By flexing his military muscle in northern Iraq and in Libya, Erdogan seeks to demonstrate that Turkey is a regional power and he is a regional leader the Arabs cannot ignore. By planting a Turkish presence in Libya, Erdogan is in position to blackmail Europe in two ways. First, from Libya can control the flow of sub-Saharan African and other refugees and migrants to European shores. He has already done this with migrants gathering in Turkey with the aim of reaching Europe. Already struggling to accommodate migrants who have already arrived on their shores and hard-hit by the coronavirus, southern European countries simply cannot afford to provide for an influx of refugees sailing across the Mediterranean from Libya.

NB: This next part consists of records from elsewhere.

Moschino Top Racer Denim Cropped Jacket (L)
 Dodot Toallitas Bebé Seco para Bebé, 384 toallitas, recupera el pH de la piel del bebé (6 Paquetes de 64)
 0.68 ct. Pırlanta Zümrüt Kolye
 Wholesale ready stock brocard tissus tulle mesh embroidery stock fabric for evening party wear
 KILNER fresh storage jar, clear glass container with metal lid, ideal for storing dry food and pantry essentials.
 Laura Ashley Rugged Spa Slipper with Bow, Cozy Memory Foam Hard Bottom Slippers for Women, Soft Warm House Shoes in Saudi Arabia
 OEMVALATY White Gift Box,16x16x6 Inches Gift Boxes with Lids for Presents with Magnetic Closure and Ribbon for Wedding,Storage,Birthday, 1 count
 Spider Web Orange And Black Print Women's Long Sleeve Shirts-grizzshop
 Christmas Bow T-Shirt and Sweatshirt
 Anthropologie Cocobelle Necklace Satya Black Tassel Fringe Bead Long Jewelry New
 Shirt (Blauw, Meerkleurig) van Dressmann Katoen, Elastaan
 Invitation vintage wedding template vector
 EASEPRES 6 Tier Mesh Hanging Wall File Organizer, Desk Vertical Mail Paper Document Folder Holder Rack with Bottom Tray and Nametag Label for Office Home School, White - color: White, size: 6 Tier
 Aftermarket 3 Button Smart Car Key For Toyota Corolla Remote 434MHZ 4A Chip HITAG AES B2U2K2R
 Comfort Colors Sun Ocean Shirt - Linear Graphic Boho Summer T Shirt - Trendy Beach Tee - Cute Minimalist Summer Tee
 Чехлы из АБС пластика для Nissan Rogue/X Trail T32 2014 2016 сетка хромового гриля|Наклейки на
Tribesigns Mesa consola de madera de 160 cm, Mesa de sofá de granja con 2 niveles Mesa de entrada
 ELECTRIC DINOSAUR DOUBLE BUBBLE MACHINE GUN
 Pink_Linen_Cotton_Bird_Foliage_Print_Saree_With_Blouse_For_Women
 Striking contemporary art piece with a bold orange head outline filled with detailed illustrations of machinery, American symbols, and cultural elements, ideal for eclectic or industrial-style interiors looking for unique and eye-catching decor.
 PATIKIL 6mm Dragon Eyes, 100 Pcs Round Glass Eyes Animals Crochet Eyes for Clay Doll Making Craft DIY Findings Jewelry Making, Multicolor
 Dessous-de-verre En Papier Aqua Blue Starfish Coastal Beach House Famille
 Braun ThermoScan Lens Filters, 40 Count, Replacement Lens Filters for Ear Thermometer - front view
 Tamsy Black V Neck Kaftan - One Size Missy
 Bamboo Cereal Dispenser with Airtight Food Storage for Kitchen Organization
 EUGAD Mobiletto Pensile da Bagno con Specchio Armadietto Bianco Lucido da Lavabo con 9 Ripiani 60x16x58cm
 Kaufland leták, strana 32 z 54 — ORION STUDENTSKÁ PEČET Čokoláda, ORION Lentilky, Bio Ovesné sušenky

Second, Erdogan has conditioned his offer to intervene militarily in the battle for Tripoli on a GNA agreement to extend unilaterally its continental shelf across the Eastern Mediterranean to meet with that of Turkey, thus bisecting this end of the sea between Greece and the Levant, Egypt, Israel, Lebanon, Syria and Cyprus.

Although, the claims of Turkey and Libya to linked exclusive economic zones have not been accepted in the region and internationally, Turkey is prepared to defend these claims with gunboats. Turkey is already deploying drill ships accompanied by armed naval vessels in Cypriot territorial waters with the aim of tapping offshore gas resources. Turkey has made it clear that Ankara will obstruct the construction of the EastMed pipeline which will have to cross under the claimed Turkish-Libyan zone in order to deliver natural gas from Eastern Mediterranean countries to Greece and thence to Italy. 

Erdogan is determined to use its occupation of Libya and its naval forces in the Eastern Mediterranean to blackmail the European Union into granting Ankara visa-less travel to Europe for Turks and concessions on trade.

While Erdogan attempts to crush Kurish opposition to ethnic Turkish domination and reclaim ex-Ottoman Empire domains in Syria and Libya, his country’s economy is in crisis due to depleted reserves, mounting external debts and a weak currency. His domestic approval rating slumped last year but was boosted due to his early successful handling of the coronavirus. Last week he had to admit, however, that Turkey has lost some ground in the battle against Covid-19 since relaxing lockdown and other restrictions. 

Like Trump, Erdogan is determined to stay in office whatever the price to Turks, Syrians, Iraqis, Libyans and others. And, like Trump, he is a potent source of regional instability and international discord.